¿ UNA FARSA ?

Han superado al carterista que, descubierto, se puso a gritar «¡Al ladrón, al ladrón!», pues ellos, además, apuntan a sus perseguidores. Me refiero, naturalmente, a los líderes nacionalistas catalanes procesados. El último acto, bueno, el penúltimo, queda la sentencia, de su juicio estuvo a la altura de su bizarro desarrollo: los acusados se convirtieron en acusadores, arremetiendo contra fiscales, jueces, procedimiento judicial, y la democracia española, entre gimoteos, golpes en el pecho, amenazas veladas y continuas contradicciones.

No sé si lo habían apalabrado con sus abogados, algunos de los cuales habían adoptado también tan heterodoxa línea de defensa, pues estaban tirando piedras contra su propio tejado, ya que hasta un lego en leyes sabía que no era la mejor forma de defenderse, al estar juzgándose hechos no sentimientos o intenciones.

Sobre las causas de adoptarla caben distintas interpretaciones.

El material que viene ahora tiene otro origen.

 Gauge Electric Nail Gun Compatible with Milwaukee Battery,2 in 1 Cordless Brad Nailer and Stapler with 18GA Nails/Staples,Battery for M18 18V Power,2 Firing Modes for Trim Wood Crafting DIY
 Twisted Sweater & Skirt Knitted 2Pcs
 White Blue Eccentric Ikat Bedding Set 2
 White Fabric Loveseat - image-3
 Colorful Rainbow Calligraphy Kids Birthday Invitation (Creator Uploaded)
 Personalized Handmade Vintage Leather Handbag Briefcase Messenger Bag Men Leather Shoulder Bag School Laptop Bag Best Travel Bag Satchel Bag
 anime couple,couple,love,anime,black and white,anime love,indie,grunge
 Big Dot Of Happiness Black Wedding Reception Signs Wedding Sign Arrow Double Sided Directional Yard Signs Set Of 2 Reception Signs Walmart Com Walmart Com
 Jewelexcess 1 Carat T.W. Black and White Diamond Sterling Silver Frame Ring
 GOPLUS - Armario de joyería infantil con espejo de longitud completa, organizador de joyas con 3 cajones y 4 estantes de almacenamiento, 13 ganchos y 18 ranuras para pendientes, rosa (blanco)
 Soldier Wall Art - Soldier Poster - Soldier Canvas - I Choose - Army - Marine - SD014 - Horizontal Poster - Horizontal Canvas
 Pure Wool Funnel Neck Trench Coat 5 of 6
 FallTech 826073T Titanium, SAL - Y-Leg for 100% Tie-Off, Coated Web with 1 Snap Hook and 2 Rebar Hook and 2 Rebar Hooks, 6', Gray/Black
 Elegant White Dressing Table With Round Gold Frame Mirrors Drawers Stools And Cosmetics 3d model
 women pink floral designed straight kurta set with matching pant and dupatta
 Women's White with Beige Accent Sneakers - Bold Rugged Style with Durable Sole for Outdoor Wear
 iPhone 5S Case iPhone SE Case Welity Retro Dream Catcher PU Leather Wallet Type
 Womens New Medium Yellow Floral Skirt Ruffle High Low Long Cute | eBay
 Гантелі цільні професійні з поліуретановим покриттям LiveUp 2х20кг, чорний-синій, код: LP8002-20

Alguno lo haría convencido de que la razón estaba de su parte, pese a que la razón brillaba por su ausencia en sus alegaciones y todo el mundo vio lo ocurrido aquellos días.

Otros buscaban seguramente conmover al tribunal presentándose como «buenas personas», «cristianos», «padres de familia», «hombre de paz y de concordia», como si estuvieran confesándose, aunque lo más probable es que intentaran justificarse ante sus seguidores por la gran mentira que les habían contado, anunciándoles una independencia «sin pecado concebida», convertida en tumulto, tal como les habían advertido los mandos de los mossos.

Acusaron de farsa el juicio, pero la mayor farsa fue pedir al tribunal que devolviese el problema catalán a la política, o sea, politizar la Justicia. La traca final de este cúmulo de mentiras, hipérboles y sinsentidos fue que ninguno se arrepintió de lo que había hecho. Todo lo más, lamentarlo, o «algún error, como todos» pero arrepentirse, ninguno. Es más, piensan seguir haciéndolo. Lo que va a hacer difícil al Tribunal Constitucional ser generoso con ellos. Como a Pedro Sánchez, aunque quiera.

Para resumir: el proceso del «procés» termina como empezó, pero con algunas clarificaciones. Los acusados sabían perfectamente lo que hacían al declarar la independencia unilateralmente. Alegan que no llegaron a hacerla efectiva, que todo fue apariencia, pretensión, un completo show.

Ni arriaron banderas ni el Gobierno central declaró el estado de guerra. ¿Qué querían, que emplazase cañones frente al palacio de la Generalitat, como en 1934, cuando Companys proclamó el Estat Català? Pues a lo mejor. Con los nacionalistas nunca se sabe si van de broma o de veras.

Si cuela, se quedan con ello. Si no, se hacen las víctimas. Es esa fase están, la de las lágrimas, listos a proclamarse mártires, aunque tienen buen aspecto. Lo que no harán nunca es reconocer culpas, ni que están en prisión provisional porque algunos compadres, al ver que la cosa iba en serio, se largaron sin despedirse y hoy son fugitivos de la Justicia.

No parecen haber aprendido algo tan simple como que la ley hay que cumplirla, las sentencias de los tribunales, obedecerlas y que no se desafía a un Estado de Derecho en vano. Les esperan muchos desengaños de este tipo.